**BRIEF:**
Every entry below should be copied exactly, minus the pictures.

**DATA RECORDS:**
##########

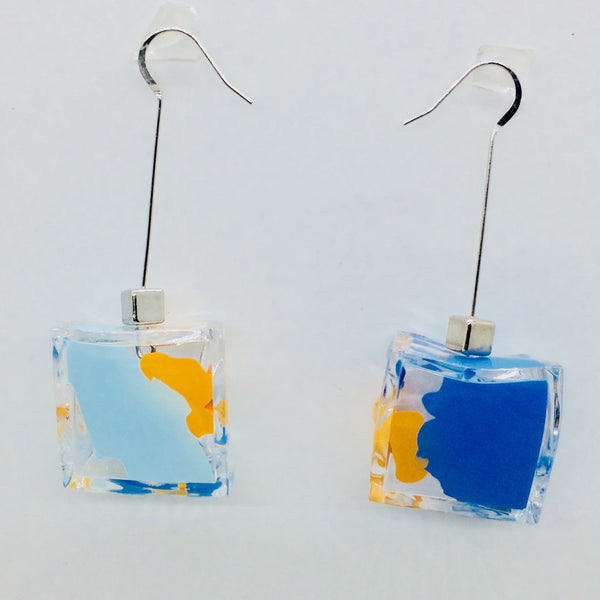 New Clear Node Art Cube Earrings.01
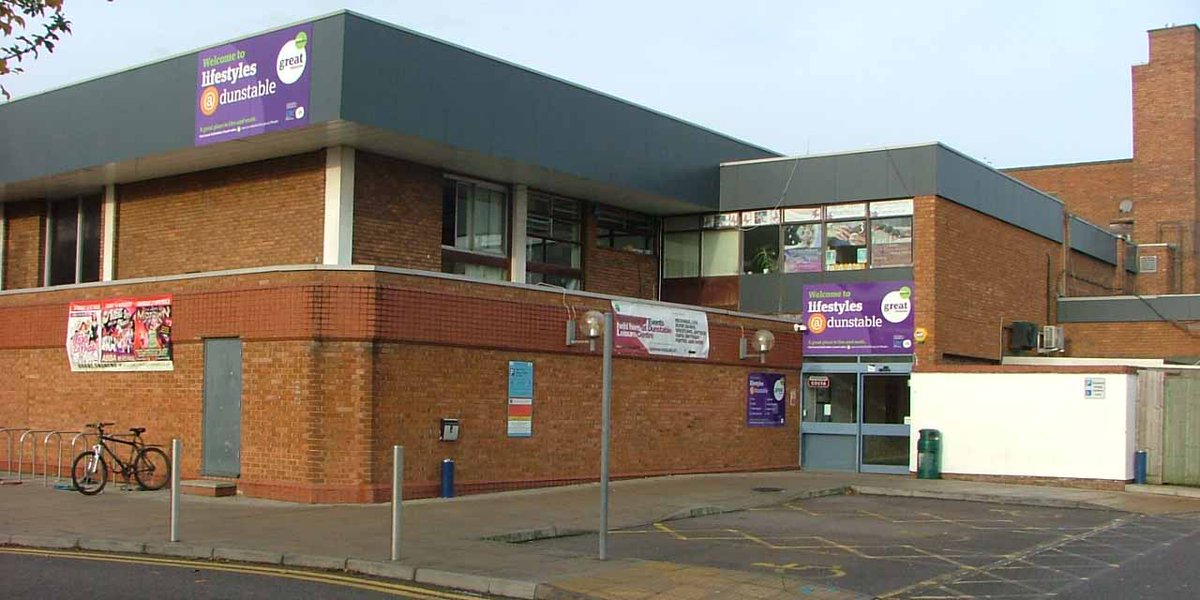 Dunstable1Life's tweet image. Dunstable Leisure Centre is closing 9pm Sunday 4th June while the £20.1m redevelopment takes place. Click ow.ly/O3i730aN8S4 for info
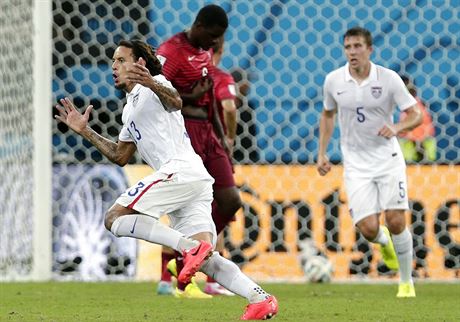 Americký fotbalista Jermaine Jones po vstelení prvního gólu do portugalské...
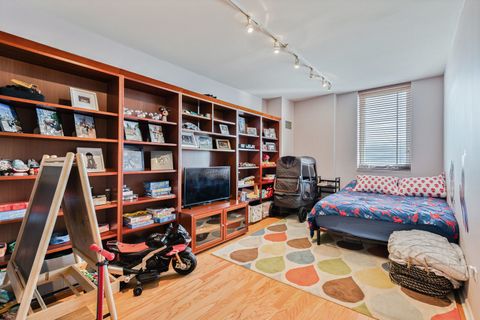 Tiny photo for 1515 S Prairie Avenue #1010, Chicago, IL 60605 (MLS # 12570243)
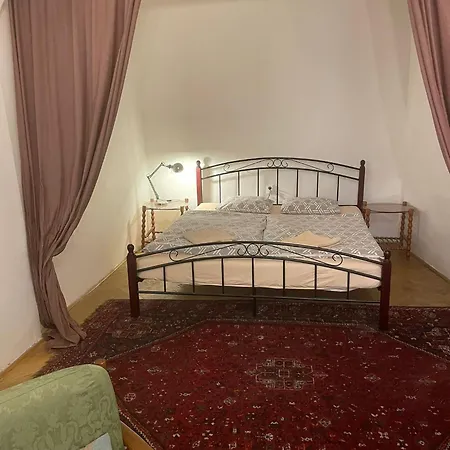 Apartment Old Town Herberghaus, 250m To Charles Bridge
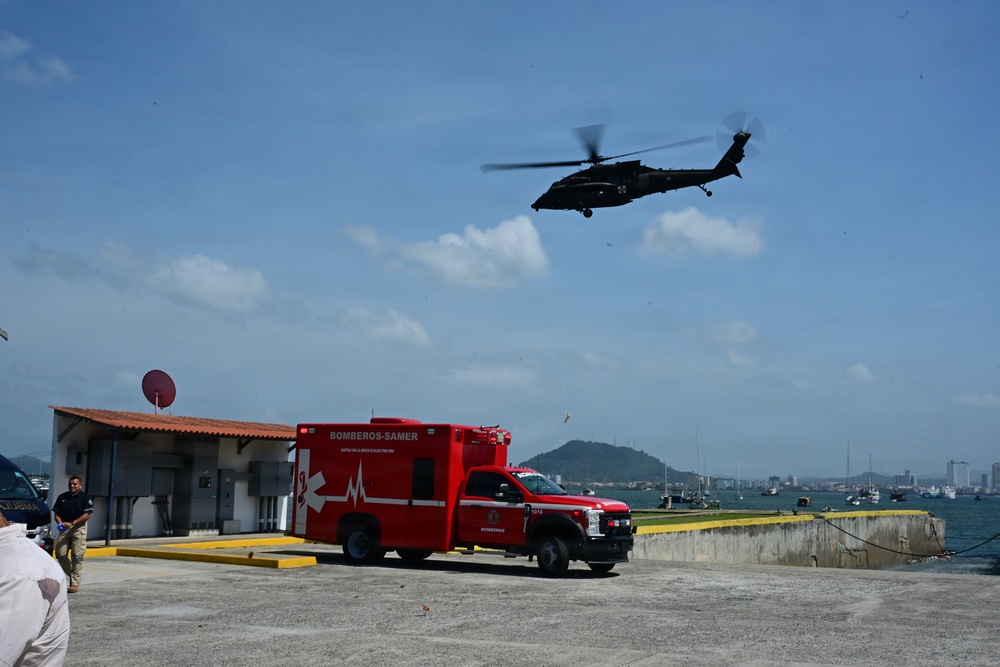 Joint Task Force-Bravo executes a medical evacuation rehearsal with Hospital Santo Tómas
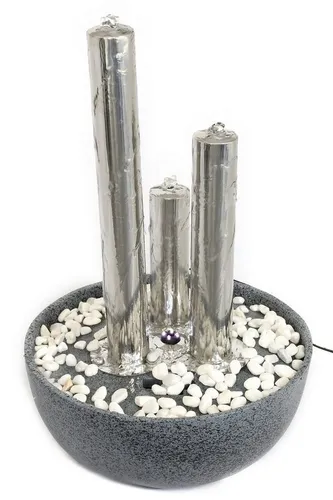 ELLUG Gartenbrunnen Gartenbrunnen in Schale, drei rostfreien Edelstahl-Säulen, inkl. Pumpe, mit LED Beleuchtung und weißen Dekosteinen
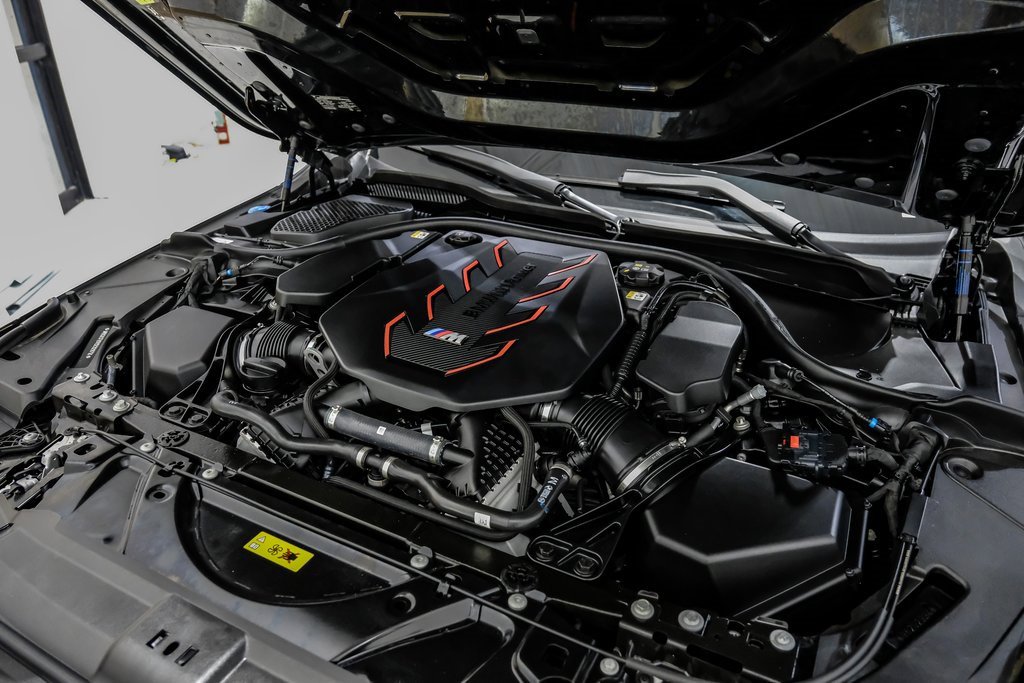 Used 2025 BMW M5 w/ Carbon Package image 56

##########

**COMPLETED EXERCISE:**
 New Clear Node Art Cube Earrings.01
 Dunstable1Life's tweet image. Dunstable Leisure Centre is closing 9pm Sunday 4th June while the £20.1m redevelopment takes place. Click ow.ly/O3i730aN8S4 for info
 Americký fotbalista Jermaine Jones po vstelení prvního gólu do portugalské...
 Tiny photo for 1515 S Prairie Avenue #1010, Chicago, IL 60605 (MLS # 12570243)
 Apartment Old Town Herberghaus, 250m To Charles Bridge
 Joint Task Force-Bravo executes a medical evacuation rehearsal with Hospital Santo Tómas
 ELLUG Gartenbrunnen Gartenbrunnen in Schale, drei rostfreien Edelstahl-Säulen, inkl. Pumpe, mit LED Beleuchtung und weißen Dekosteinen
 Used 2025 BMW M5 w/ Carbon Package image 56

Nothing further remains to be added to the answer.